Length: 5 miles; 3-4 hours
There are several ways to enter the Pauoa Flats trail, but the best way is actually through Mānoa Falls. Just follow the narrow, uphill path to the left of the waterfall and you’re on your way. If you complete this hike, you’ll have killed two birds with one stone by also completing the Mānoa Falls trail. The hike will take you through a tropical jungle and a bamboo forest until you reach a lookout with a marvelous, vast view of Nuʻuanu Valley. The trail starts off very narrow and rocky, but it gets easier to traverse once you reach the bamboo area. It’s very windy when you near the top, and the sound of the rattling bamboo stalks is pleasing to the ear. There’s a bench at the lookout, so it’s a nice place to relax, enjoy the view, and eat the musubi you bought from 7-Eleven.

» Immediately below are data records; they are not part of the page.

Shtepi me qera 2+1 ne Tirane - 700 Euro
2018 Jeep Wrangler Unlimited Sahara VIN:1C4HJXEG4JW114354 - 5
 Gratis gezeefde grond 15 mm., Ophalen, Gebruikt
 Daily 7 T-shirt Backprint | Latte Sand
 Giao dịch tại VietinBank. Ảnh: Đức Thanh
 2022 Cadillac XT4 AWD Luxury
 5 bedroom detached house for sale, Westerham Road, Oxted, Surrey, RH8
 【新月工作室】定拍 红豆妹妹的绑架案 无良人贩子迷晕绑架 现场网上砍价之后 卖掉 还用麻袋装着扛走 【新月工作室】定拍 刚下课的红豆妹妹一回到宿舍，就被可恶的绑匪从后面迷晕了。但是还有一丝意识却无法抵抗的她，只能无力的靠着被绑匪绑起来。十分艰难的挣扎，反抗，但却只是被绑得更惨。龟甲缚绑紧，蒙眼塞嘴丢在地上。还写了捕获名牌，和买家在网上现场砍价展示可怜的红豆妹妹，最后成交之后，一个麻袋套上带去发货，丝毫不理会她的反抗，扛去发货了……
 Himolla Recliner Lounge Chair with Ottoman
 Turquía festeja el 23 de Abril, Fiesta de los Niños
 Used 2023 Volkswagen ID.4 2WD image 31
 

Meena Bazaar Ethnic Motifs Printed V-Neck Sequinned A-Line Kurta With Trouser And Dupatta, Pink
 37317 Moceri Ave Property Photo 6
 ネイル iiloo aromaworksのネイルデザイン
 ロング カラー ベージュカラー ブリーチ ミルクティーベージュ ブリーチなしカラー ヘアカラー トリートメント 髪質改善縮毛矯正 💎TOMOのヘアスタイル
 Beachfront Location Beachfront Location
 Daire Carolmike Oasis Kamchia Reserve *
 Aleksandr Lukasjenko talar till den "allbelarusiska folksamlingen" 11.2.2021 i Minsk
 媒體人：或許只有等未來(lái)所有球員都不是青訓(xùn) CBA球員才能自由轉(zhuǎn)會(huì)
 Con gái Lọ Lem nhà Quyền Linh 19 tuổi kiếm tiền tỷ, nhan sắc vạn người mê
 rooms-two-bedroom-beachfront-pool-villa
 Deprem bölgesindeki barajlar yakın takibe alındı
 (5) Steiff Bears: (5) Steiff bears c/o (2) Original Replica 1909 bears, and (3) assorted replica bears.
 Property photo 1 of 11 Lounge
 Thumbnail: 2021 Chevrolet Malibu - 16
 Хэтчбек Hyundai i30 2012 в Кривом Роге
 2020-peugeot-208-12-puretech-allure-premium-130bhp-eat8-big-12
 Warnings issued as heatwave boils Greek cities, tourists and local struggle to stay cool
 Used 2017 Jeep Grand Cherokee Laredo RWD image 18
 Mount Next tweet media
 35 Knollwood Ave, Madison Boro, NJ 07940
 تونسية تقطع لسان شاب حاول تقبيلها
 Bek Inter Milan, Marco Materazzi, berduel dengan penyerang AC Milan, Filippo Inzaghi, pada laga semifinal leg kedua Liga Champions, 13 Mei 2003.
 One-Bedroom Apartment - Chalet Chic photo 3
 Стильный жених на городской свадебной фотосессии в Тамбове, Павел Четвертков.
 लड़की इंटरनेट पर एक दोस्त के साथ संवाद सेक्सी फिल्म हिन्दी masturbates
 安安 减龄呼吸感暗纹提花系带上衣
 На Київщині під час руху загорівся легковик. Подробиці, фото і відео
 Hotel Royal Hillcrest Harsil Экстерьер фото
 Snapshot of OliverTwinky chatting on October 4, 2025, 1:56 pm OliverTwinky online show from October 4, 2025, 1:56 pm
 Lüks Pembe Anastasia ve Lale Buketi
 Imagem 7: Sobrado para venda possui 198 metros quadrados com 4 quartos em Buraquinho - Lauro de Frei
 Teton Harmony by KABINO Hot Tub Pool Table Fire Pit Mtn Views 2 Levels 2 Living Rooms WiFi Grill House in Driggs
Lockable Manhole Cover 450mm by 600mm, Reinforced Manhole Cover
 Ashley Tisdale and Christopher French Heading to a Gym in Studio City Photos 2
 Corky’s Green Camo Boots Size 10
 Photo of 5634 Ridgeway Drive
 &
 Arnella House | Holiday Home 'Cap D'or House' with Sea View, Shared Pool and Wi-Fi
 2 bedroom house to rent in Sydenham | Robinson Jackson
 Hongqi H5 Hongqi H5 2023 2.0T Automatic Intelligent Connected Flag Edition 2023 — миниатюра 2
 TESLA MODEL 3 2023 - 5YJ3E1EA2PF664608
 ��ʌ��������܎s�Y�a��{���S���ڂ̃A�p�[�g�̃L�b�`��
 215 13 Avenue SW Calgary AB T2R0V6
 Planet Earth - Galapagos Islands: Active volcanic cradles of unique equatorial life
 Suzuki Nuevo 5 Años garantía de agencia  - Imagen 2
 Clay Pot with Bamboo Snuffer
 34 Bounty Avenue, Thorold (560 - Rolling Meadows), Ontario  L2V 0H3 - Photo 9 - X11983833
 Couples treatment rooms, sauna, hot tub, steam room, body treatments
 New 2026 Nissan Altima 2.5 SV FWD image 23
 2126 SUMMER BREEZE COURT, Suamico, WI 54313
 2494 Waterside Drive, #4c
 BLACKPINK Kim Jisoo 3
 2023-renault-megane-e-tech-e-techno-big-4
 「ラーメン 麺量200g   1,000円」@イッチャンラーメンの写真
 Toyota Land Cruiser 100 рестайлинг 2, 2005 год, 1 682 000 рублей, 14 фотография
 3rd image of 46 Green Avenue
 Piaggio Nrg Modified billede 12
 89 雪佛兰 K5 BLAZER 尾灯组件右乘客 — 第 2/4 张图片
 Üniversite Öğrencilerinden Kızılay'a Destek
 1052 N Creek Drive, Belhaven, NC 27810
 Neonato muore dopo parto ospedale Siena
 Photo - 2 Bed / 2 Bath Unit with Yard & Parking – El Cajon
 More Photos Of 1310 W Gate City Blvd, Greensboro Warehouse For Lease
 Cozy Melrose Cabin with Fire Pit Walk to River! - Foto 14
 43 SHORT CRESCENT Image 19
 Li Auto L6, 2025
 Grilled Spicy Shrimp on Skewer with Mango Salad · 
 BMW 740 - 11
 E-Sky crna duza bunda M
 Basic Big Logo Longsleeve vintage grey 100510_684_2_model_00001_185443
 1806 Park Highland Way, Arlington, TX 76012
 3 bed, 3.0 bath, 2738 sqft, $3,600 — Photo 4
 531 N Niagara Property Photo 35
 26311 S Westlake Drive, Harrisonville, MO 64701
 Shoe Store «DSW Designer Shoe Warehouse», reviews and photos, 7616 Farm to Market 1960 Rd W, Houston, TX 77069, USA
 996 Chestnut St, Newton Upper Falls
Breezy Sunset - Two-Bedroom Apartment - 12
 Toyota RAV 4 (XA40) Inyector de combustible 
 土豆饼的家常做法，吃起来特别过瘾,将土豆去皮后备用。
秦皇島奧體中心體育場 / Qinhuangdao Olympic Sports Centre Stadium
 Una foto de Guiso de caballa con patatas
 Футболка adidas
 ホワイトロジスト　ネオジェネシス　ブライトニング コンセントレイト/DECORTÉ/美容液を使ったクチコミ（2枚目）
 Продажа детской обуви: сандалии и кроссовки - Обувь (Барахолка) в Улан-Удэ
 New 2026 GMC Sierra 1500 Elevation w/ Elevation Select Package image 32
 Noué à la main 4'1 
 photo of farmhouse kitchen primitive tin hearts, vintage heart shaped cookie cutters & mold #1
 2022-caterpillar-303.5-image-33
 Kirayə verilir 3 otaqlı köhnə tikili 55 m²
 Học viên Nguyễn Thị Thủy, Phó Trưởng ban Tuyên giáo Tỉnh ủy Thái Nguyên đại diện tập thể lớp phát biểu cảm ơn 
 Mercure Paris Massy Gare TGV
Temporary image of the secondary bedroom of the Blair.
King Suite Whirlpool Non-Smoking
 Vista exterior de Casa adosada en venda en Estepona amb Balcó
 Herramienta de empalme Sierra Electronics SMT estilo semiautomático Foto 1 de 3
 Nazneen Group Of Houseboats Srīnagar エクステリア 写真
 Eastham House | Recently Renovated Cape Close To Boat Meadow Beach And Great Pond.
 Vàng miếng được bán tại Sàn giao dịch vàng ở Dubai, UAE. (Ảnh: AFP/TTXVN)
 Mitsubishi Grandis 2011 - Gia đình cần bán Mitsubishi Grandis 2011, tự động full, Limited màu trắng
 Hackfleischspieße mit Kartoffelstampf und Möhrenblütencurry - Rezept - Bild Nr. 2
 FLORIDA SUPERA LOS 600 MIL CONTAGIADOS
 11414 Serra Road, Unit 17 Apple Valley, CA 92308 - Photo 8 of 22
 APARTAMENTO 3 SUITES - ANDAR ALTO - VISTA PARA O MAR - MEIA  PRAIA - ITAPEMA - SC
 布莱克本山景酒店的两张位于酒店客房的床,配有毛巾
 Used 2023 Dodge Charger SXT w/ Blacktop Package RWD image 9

Length: 1.6 miles; less than 1 hour
The Lanikai Pillbox hike is a very short but beautiful hike that’s popular for its scenic view of Kailua. It’s a rocky, uphill climb to the pillboxes, which were used in World War II, but it’s pretty easy and safe. It’s around a half hour hike up to the first pillbox and an additional ten or so minutes to the second pillbox, so most hikers hang out on top of the pillboxes for a while before heading back down to spend the rest of the day at Kailua beach. The trail does continue past the second pillbox, but most people turn around at that point.